Input data
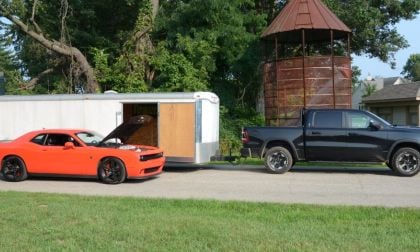 2019 Ram Rebel with the Hellcat Challenger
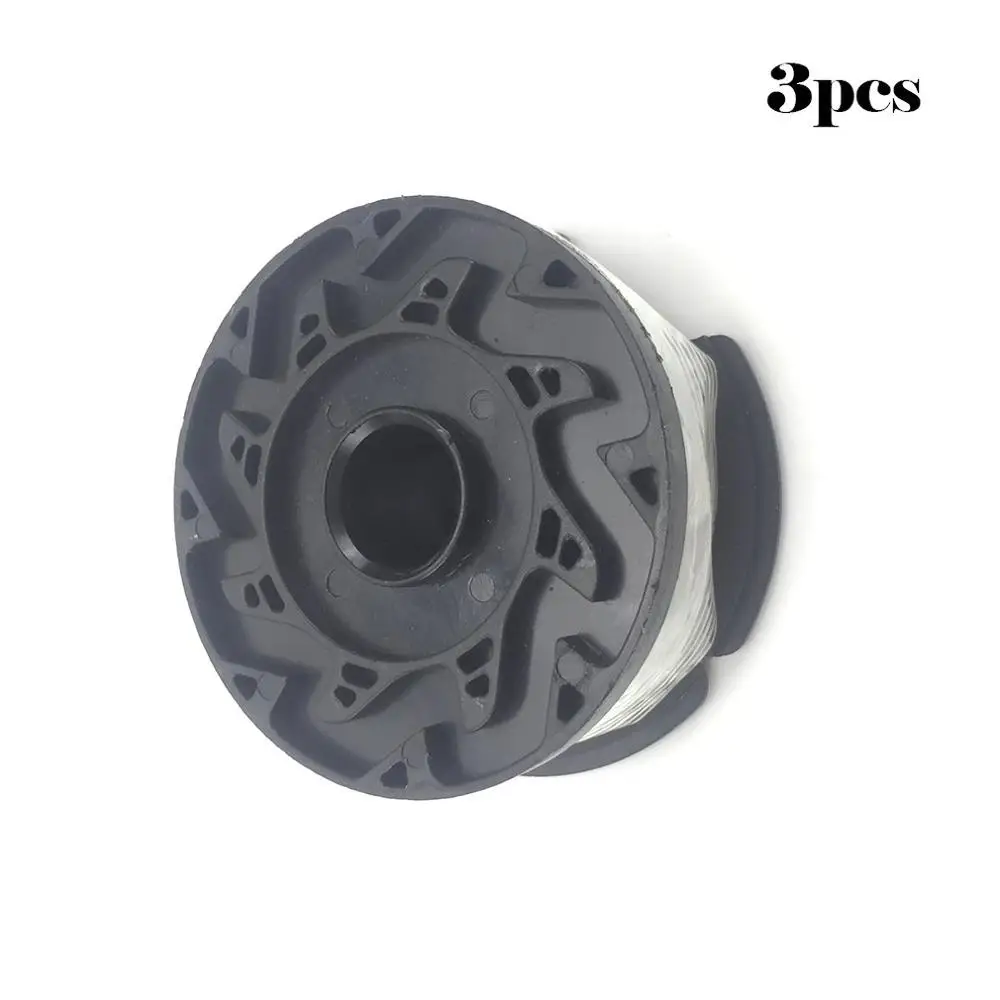 String Trimmers Replacement Spool Line Grass Trimmers Garden Tool Mowing Single Line Spool Cover Spring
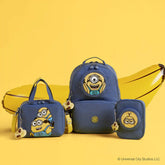 Dungaree Blue Minions Set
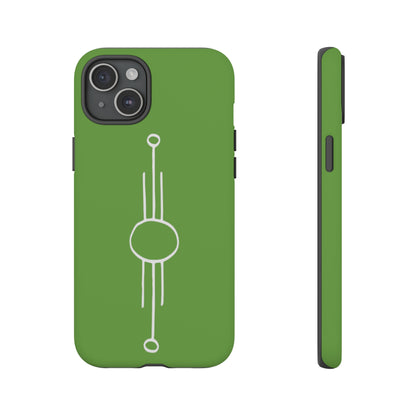 Alignment #1 · Tough Case (Light Green)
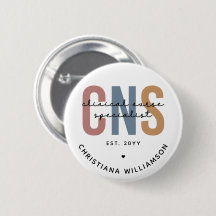 Custom Retro ZNS Klinischer Krankenpfleger Spezial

To do
In the copy, every entry appears exactly as written above and no picture appears.

Result of the task
 2019 Ram Rebel with the Hellcat Challenger
 String Trimmers Replacement Spool Line Grass Trimmers Garden Tool Mowing Single Line Spool Cover Spring
 Dungaree Blue Minions Set
 Alignment #1 · Tough Case (Light Green)
 Custom Retro ZNS Klinischer Krankenpfleger Spezial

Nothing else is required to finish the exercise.